In order to quantify the noise reduction achieved with this configuration, Figure 15 shows the sound pressure measured during two different passes. The solid line corresponds to the highest peak in the first bogie (with damped wheels) and the dotted line corresponds to the highest peak in the third bogie (with no damping solution).

fig15
Figure 15: Experimental sound pressure for two different passes.

7. Discussion

Looking at the results, it can be concluded that the highest noise levels are generated in the 780–800 Hz frequency range, which is in fact the frequency of the wheel 0L2 mode, as expected. According to Figure 14, bogie 3 generates higher noise levels than bogie 1, so it can be concluded that damped wheels are quieter than free wheels. This means that the dampers designed and presented here are correctly tuned to the 0L2 mode and are thus able to decrease the squeal noise levels.

According to Figure 15, there is a difference of approximately 25 dB between the noise levels generated by the first and the third bogies. This noise decrease is due to the presence of the CLDs, which also verifies that the dampers are correctly tuned to the 0L2 mode and that they are able to significantly decrease the squeal noise levels. In addition to this, the sound pressure level also drops at around 1600 Hz in Figure 15. It is another benefit with the CLDs installed.

In summary, these results confirm the effectiveness of the CLDs that have been designed and manufactured in the present paper.

8. Conclusions

Even though resilient wheels are installed in every bogie, Vitoria’s tram has squeal problems in some small radius curves. The squeal is generated at 780–800 Hz, and it has been demonstrated that it coincides with the wheel 0L2 mode. Since tuned CLDs can be designed to concentrate their damping strength at particular frequency ranges, the aim of this work has been to model and design a CLD specifically to eliminate this squeal noise.

Butyl rubber is used as the polymeric material in the CLD, and conventional steel as the metallic material for the sheets. The two predominant properties of the polymer, stiffness and loss factor (damping), are experimentally determined by quasi-static and dynamic tests carried out on some samples.

After characterizing the butyl rubber, the model of the CLD is developed. Metallic sheets are modelled with shell-type elements, whereas for polymeric layers brick-type solid elements are used. To keep both parts from intersecting, offsets equal to half of the thickness of the shell-type elements remain.

The dynamic behavior of the CLD model has been proved to be very dependent on the boundary conditions. Thus, the CLD is manufactured in order to carry out dynamic experiments on it, and in parallel, the boundary conditions are adjusted to match the calculations with experimental results.

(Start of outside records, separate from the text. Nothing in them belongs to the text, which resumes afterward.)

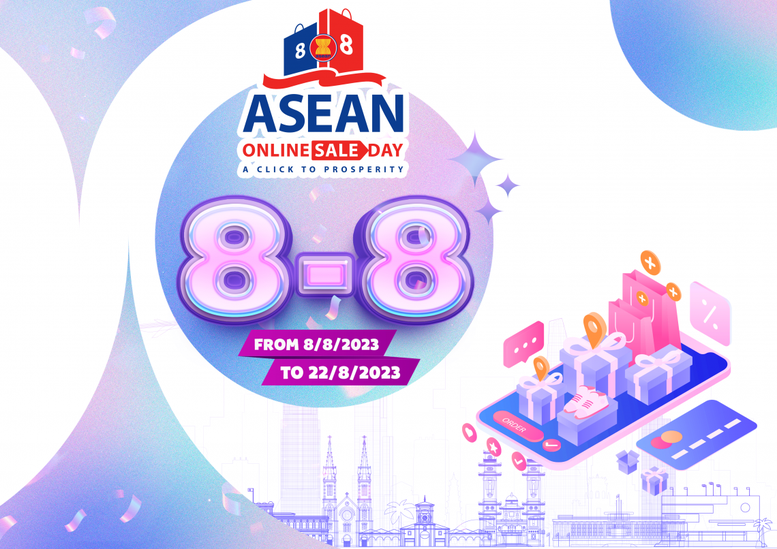 Ngày bán hàng trực tuyến ASEAN 2023 kéo dài 2 tuần - Ảnh 1.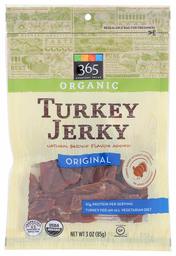 365 Everyday Value, Organic Turkey Jerky, Original, 3 oz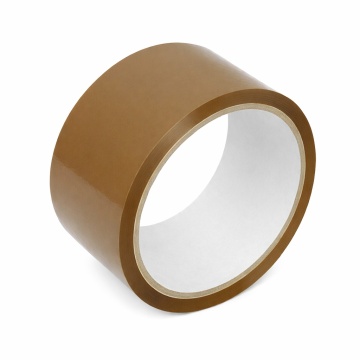 Banda adeziva simpla, 48mm x 50m, suport BOPP, acrilic, B178 130-1272, maro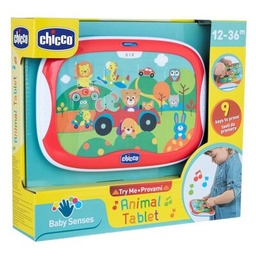 CHICCO Zabawka edukacyjna Baby Senses Tablet Zwierzątka 10601100000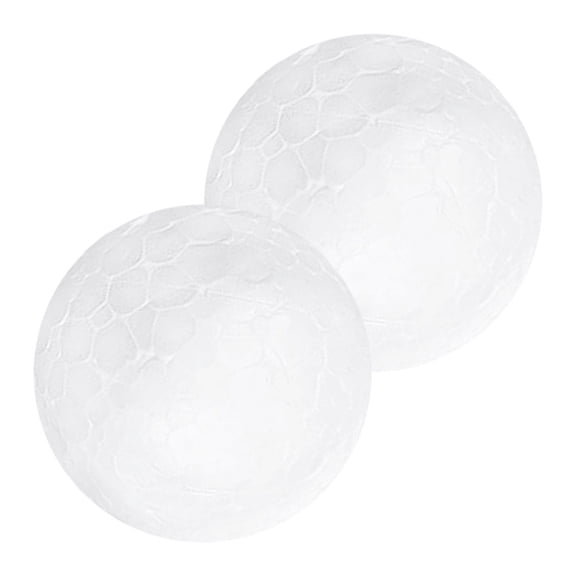 TABLZONE White Foam for Crafts and Holiday Decorations, 2 Pieces for Projects
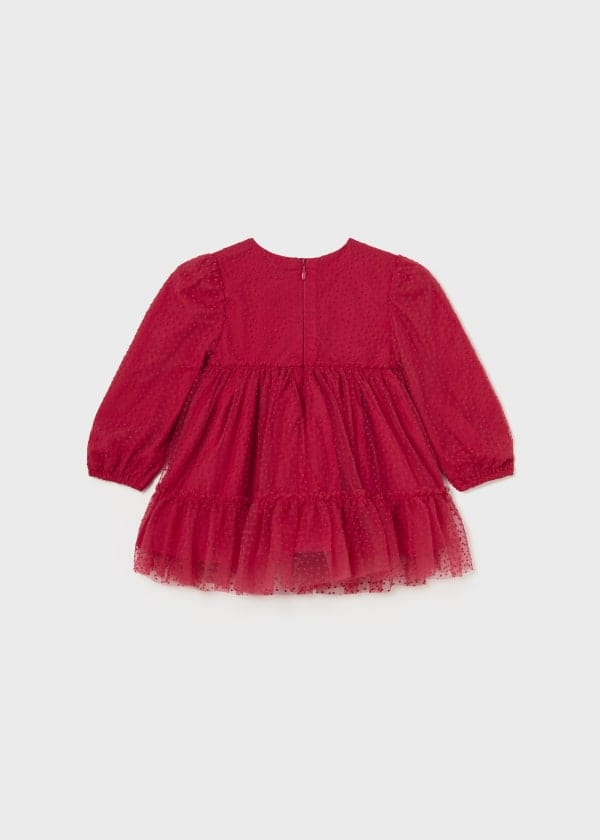 Mayoral Usa Inc Mayoral Baby Tulle Dress - Little Miss Muffin Children & Home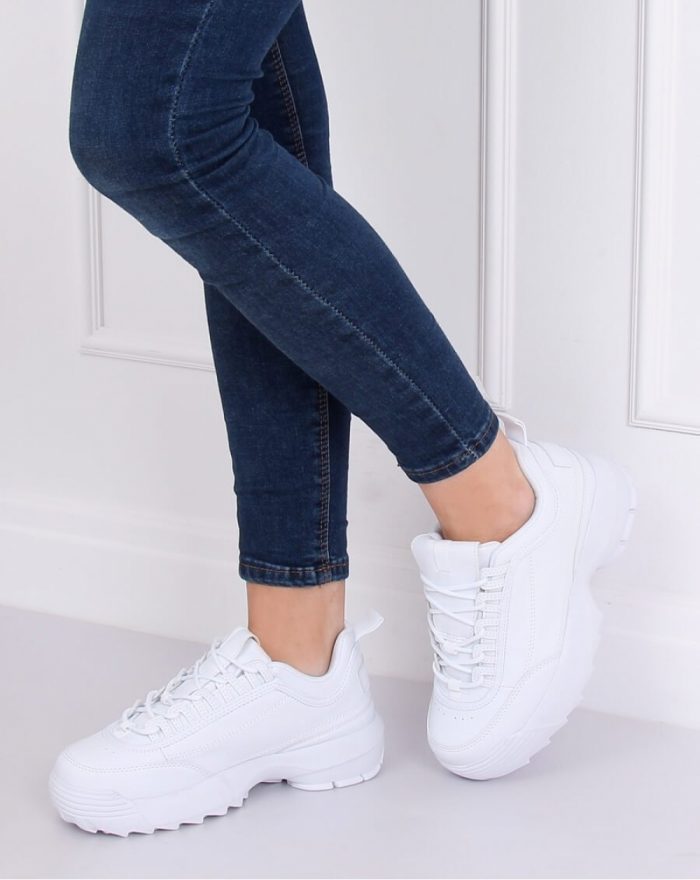 ~Buty sportowe culoarea alb 140336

Once the model is validated, the damper design is improved in order to damp the 0L2 mode of the tram wheel and the final CLD design is manufactured.

Experimental on track measurements are carried out where a bogie equipped with free wheels (with no damping solution) and a bogie equipped with damped wheels (with six dampers each wheel) are compared. The results show that a decrease of 25 dB has been achieved.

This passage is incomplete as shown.